Additionally, the conspirators allegedly covered up financial diversions by selling loans owned by Colonial to Freddie Mac without paying Colonial for the loans. As a result, Freddie Mac and Colonial each believed they had an undivided ownership interest in thousands of the same loans.
The situation turned into one of the largest mortgage frauds in history, and the office of FHFA OIG was actively involved in the case. To date, seven defendants have been convicted and federal prosecutors won a $3.5 billion restitution judgment against the seven defendants.
Another case handled by FHFA OIG involved Marshall Home and Margaret Broderick of Tucson, Arizona. Home and Broderick ran the "Individual Rights Party; Mortgage Rescue Service," and charged individuals facing foreclosure $500, purportedly to make the proceedings stop by becoming part of a "larger overall bankruptcy liquidation."
Home later sought to place the United States into bankruptcy by falsely telling the Bankruptcy Court that he and Broderick had a financial claim of $250 billion against the United States. The pair then filed or caused to be filed in Bankruptcy Court 173 false claims relating to individuals participating in the Mortgage Rescue Service, including loans guaranteed by the GSEs.
Home and Broderick also inappropriately transferred at least 28 properties owned by Freddie Mac, with a value of more than $8 million.
Another case known as Home Owners Protection Economics Inc. (H.O.P.E.) involved four defendants who made misrepresentations to financially distressed homeowners - many of whom had loans owned or guaranteed by the GSEs - seeking a federally funded loan modification. The borrowers were instructed to pay H.O.P.E. a $400 to $900 upfront fee in exchange for a "virtually guaranteed" Home Affordable Modification Program (HAMP) modification.
H.O.P.E. misrepresented that it was affiliated with the homeowner's mortgage lender, that the borrower had been approved for a modification, that owners could stop making payments while waiting for a modification, and that H.O.P.E. would refund the fee if the modification was not successful. In exchange for the upfront fees, borrowers received a do-it-yourself application nearly identical to the HAMP application provided by the government for free, but H.O.P.E. customers had no special advantage.
The purview of the Office of the Special Inspector General for the Troubled Asset Relief Program is limited to that program and HAMP, the Home Affordable Foreclosure Alternatives (HAFAJ program and the Home Affordable Refinance Program (HARP).
SIGTARP has teamed up with the Consumer Financial Protection Bureau and the Department of the Treasury in a joint task force to combat scams that target homeowners seeking help under HAMP.
This task force protects taxpayers by investigating and shutting down these scams and by providing educational programs to vulnerable homeowners. In particular, SIGTARP is concerned with investigating mortgagemodification schemes in which companies convince struggling homeowners to pay fees on the false promise of lowering the homeowner's mortgage debt or payments through HAMP.

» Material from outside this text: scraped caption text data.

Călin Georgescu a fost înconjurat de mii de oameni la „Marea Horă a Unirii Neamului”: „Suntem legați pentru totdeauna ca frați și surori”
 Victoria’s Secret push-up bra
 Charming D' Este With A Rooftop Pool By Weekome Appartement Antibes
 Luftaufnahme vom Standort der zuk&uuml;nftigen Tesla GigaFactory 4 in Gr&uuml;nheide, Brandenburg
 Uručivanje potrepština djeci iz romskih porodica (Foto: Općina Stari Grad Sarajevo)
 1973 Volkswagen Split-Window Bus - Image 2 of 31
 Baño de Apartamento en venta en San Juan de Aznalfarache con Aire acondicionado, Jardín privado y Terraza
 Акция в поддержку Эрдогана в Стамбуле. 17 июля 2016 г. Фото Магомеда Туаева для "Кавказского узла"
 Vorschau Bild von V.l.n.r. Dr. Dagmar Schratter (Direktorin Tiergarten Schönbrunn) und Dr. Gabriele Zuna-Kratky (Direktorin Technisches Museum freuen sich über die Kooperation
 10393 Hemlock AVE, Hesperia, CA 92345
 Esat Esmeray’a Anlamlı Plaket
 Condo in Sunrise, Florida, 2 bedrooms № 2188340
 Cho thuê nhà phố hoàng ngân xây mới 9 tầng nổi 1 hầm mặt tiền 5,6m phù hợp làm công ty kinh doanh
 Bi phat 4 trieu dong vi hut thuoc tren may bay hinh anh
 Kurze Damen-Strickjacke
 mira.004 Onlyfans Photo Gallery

"Mortgage scams harm not only homeowners but legitimate businesses and the market as a whole," said Richard Cordray, the recently appointed director of the CFPB.
"By joining forces with SIGTARP and Treasury, the CFPB hopes to protect Americans and the integrity of one of the largest consumer financial markets in the U.S," he said.
It is clear that interagency coordination and cooperation are crucial to the recovery not only of the mortgage industry but the housing market as a whole. Mortgage bankers and everyone involved in the housing industry must recognize that we are on the front lines of the effort to fight fraud every day. We, too, can play a role by saying something when we see something, and by cooperating where we are able to by sharing information and leveraging our experience and our technology to join in the fight against the criminals who seek to benefit from the nation's mortgage crisis.